None of that was evident in Lancaster's article, however. He engages neither the breadth of theorizing of abolition (works by Ruth Wilson Gilmore, Beth Richie, Erica Meiners, Dean Spade, Liat Ben Moshe, Eric Stanley, among many others) nor, more importantly, the work of abolitionist organizations (BYP 100, Critical Resistance, Incite!, Survived and Punished, among many others). Lancaster describes abolitionists as divorced from reality. Yet even a cursory review of actually existing abolitionism reveals how wrong this view is.
His suggestion that abolition is not an advisable goal since it ”shows little sign of winning over the wider public" misunderstands how social change occurs. Such an argument could easily have been mobilized (and was mobilized) to undermine the abolitionist movement in 1835; the women's suffrage movement in 1912; the fights for industrial unionism in 1929; the civil rights movement in 1953; and the presidential prospects for Bernie Sanders in 2014, to name but a few examples.

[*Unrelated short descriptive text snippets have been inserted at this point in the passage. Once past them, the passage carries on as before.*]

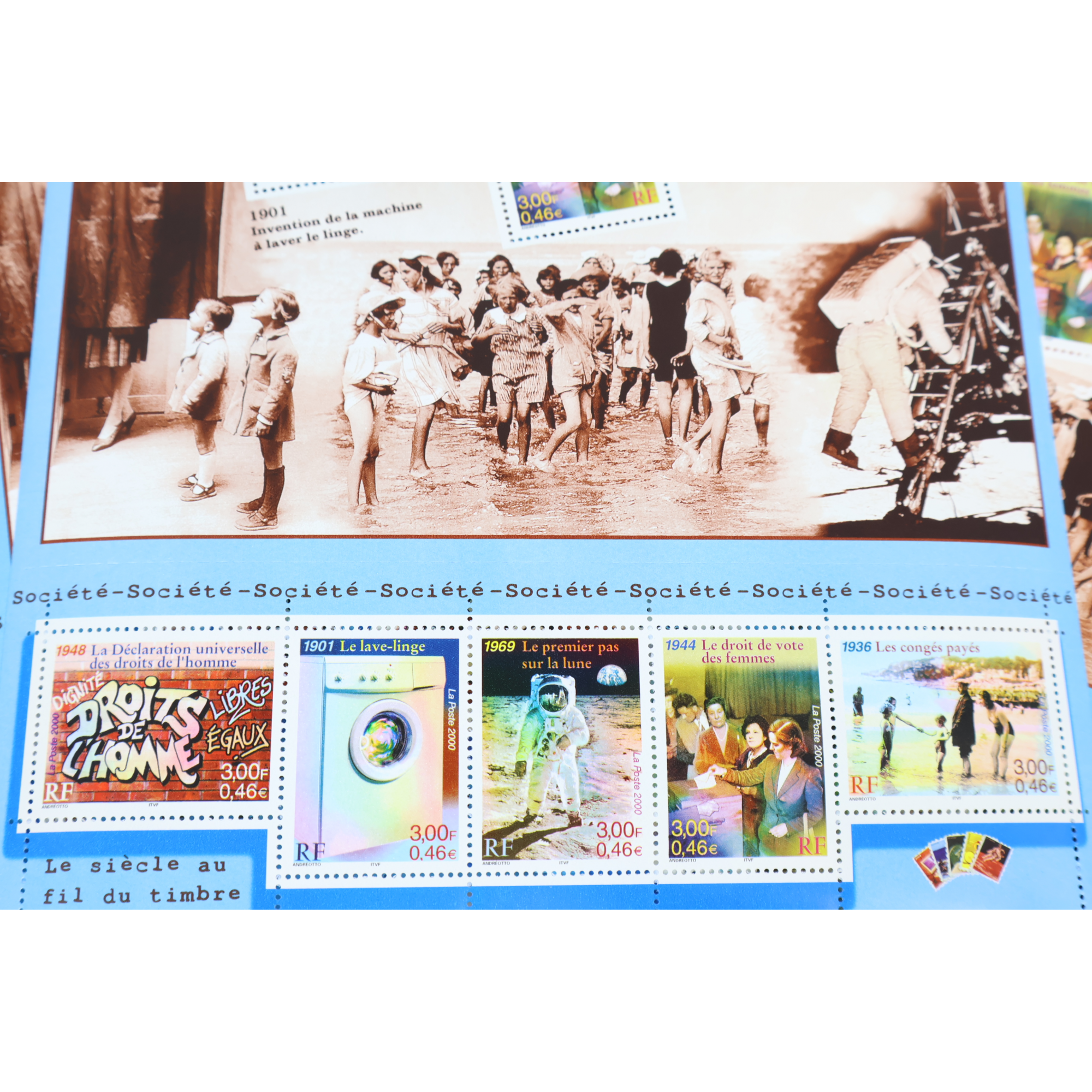 LOT 20 BLOCS N° 32 LE SIÈCLE AU FIL DU TIMBRE II, NEUFS** 0.46€ X 10 VF 92€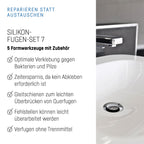 Cramer® Silikon Fugen-Set 7 I Zum Neuverfugen & Entfernen in Küche & Bad I Fugenglätter mit 16 Profilvarianten & Gleitschiene für alle Dichtungsmassen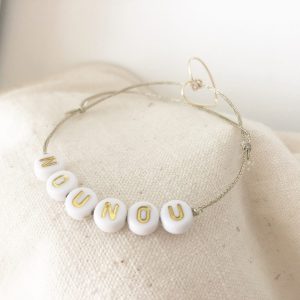 Bracelet perles et cœur « nounou »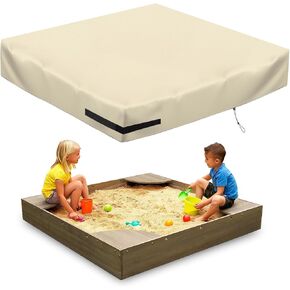 Sandbox Cover, Lid-60in, 420D Waterproof Duty Khaki Sandbox Cover, Square Sandboxes Sandpit Cover Suitable for Children's Sandbox Protection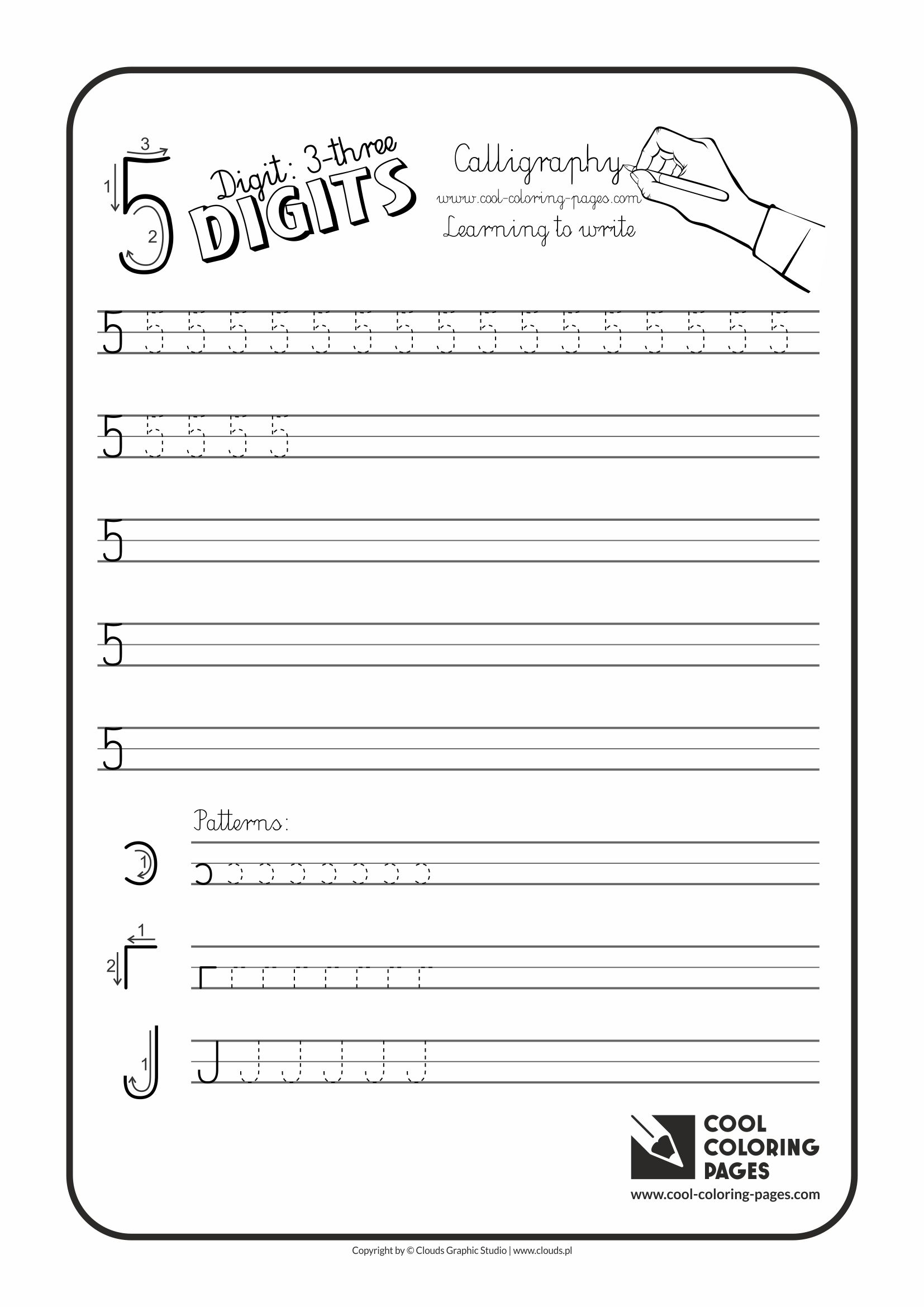Cool Coloring Pages / Calligraphy / Digit 5 / Handwriting for kids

History provides too many instances where our hubristic expectations of what is possible in a given temporal horizon are chastened. Most abolitionists, in our experience, would subscribe to Nelson Mandela's adage that ”it only seems impossible until it is done."
If anything, prospects for developing mass consciousness about prison abolition are growing. In 1998, when the prison industrial complex — the linked relations of surveillance, policing, and imprisonment — showed little sign of abating, a collective of organizers and scholars called for a one-time conference to discuss the problem of prisons. Expecting a few hundred people, they were surprised to find several thousand attend a conference framed around abolishing the prison industrial complex. Since then, Critical Resistance has become a national chapter-based organization connected to a number of grassroots campaigns. Two years later, thousands gathered at Incite! Women of Color Against Violence's convening in Santa Cruz to build on some of what had been discussed in 1998 and to insert the dimension of racialized gender violence into the conversation.